* _Directions_: Nothing but the lines below between the line holding "Xalqaro musobaqaga tayyorgarlik boshlandi" and the line holding "Drugie zdjęcie samochodu", inclusive, should appear in the answer, each set down exactly.

(Records from a dataset)
# # # #
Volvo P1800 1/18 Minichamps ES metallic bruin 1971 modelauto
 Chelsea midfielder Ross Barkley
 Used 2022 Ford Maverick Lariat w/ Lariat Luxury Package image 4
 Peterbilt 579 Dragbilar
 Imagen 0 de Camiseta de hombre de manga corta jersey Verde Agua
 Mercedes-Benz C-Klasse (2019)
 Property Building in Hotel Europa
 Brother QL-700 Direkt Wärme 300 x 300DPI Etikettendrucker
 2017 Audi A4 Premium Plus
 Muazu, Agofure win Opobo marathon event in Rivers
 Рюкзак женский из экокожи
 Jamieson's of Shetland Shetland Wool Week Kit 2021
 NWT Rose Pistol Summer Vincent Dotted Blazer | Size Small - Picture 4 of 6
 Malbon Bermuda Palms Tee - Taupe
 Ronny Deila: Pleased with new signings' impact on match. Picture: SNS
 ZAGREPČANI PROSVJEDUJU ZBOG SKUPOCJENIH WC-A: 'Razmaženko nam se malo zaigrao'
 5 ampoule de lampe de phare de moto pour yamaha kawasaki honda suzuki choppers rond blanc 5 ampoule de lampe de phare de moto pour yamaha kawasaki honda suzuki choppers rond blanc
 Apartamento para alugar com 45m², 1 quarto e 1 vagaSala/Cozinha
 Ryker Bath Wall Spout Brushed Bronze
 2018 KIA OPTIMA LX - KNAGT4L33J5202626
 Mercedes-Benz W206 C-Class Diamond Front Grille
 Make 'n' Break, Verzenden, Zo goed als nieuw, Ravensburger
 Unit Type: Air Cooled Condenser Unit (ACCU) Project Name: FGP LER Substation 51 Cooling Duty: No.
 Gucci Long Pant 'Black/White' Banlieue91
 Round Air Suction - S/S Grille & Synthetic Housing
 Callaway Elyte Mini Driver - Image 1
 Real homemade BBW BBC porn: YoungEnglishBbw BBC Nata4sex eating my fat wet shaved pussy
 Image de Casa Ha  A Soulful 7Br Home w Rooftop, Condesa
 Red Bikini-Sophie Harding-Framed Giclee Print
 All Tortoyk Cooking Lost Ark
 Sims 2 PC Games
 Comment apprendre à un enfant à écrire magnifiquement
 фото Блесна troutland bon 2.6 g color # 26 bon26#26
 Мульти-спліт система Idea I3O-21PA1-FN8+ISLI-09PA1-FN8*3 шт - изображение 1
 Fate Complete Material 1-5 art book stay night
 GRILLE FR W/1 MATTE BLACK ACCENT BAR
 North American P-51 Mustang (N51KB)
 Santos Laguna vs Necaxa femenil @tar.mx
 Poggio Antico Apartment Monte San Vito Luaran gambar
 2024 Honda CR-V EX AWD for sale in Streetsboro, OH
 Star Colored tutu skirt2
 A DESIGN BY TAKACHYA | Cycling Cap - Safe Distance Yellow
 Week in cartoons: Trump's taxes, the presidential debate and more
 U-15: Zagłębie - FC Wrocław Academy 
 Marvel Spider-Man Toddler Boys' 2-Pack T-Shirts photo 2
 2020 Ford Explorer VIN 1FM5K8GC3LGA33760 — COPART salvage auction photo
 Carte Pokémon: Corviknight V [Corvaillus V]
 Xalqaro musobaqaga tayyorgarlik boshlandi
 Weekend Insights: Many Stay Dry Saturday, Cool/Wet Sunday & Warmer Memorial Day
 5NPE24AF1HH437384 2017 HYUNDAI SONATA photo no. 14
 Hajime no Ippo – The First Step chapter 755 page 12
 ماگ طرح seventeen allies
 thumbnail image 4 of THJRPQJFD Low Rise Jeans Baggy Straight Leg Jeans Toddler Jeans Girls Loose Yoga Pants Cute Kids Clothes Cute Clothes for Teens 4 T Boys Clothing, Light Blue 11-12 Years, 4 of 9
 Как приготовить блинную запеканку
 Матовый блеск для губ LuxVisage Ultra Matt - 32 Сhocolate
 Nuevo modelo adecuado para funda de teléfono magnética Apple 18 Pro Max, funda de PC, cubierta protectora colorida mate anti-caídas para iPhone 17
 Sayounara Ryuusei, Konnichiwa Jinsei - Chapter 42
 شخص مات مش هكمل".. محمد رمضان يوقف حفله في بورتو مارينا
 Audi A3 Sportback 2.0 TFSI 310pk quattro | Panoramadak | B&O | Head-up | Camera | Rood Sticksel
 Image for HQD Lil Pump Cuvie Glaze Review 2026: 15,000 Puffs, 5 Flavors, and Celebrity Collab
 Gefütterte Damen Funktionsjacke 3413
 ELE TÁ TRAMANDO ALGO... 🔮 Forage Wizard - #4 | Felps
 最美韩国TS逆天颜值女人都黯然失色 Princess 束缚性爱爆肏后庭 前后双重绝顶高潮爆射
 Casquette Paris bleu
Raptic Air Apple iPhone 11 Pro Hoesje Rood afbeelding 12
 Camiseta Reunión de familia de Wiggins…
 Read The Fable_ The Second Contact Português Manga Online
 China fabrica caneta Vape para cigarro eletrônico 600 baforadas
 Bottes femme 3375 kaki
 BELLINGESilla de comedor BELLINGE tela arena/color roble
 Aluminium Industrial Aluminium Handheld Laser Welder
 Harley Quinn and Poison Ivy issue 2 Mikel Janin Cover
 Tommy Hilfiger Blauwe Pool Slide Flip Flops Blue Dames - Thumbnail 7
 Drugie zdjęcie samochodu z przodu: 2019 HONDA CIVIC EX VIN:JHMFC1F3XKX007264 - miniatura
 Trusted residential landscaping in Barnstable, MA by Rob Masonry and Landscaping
# # # #
* _Result of this exercise_:
 Xalqaro musobaqaga tayyorgarlik boshlandi
 Weekend Insights: Many Stay Dry Saturday, Cool/Wet Sunday & Warmer Memorial Day
 5NPE24AF1HH437384 2017 HYUNDAI SONATA photo no. 14
 Hajime no Ippo – The First Step chapter 755 page 12
 ماگ طرح seventeen allies
 thumbnail image 4 of THJRPQJFD Low Rise Jeans Baggy Straight Leg Jeans Toddler Jeans Girls Loose Yoga Pants Cute Kids Clothes Cute Clothes for Teens 4 T Boys Clothing, Light Blue 11-12 Years, 4 of 9
 Как приготовить блинную запеканку
 Матовый блеск для губ LuxVisage Ultra Matt - 32 Сhocolate
 Nuevo modelo adecuado para funda de teléfono magnética Apple 18 Pro Max, funda de PC, cubierta protectora colorida mate anti-caídas para iPhone 17
 Sayounara Ryuusei, Konnichiwa Jinsei - Chapter 42
 شخص مات مش هكمل".. محمد رمضان يوقف حفله في بورتو مارينا
 Audi A3 Sportback 2.0 TFSI 310pk quattro | Panoramadak | B&O | Head-up | Camera | Rood Sticksel
 Image for HQD Lil Pump Cuvie Glaze Review 2026: 15,000 Puffs, 5 Flavors, and Celebrity Collab
 Gefütterte Damen Funktionsjacke 3413
 ELE TÁ TRAMANDO ALGO... 🔮 Forage Wizard - #4 | Felps
 最美韩国TS逆天颜值女人都黯然失色 Princess 束缚性爱爆肏后庭 前后双重绝顶高潮爆射
 Casquette Paris bleu
Raptic Air Apple iPhone 11 Pro Hoesje Rood afbeelding 12
 Camiseta Reunión de familia de Wiggins…
 Read The Fable_ The Second Contact Português Manga Online
 China fabrica caneta Vape para cigarro eletrônico 600 baforadas
 Bottes femme 3375 kaki
 BELLINGESilla de comedor BELLINGE tela arena/color roble
 Aluminium Industrial Aluminium Handheld Laser Welder
 Harley Quinn and Poison Ivy issue 2 Mikel Janin Cover
 Tommy Hilfiger Blauwe Pool Slide Flip Flops Blue Dames - Thumbnail 7
 Drugie zdjęcie samochodu z przodu: 2019 HONDA CIVIC EX VIN:JHMFC1F3XKX007264 - miniatura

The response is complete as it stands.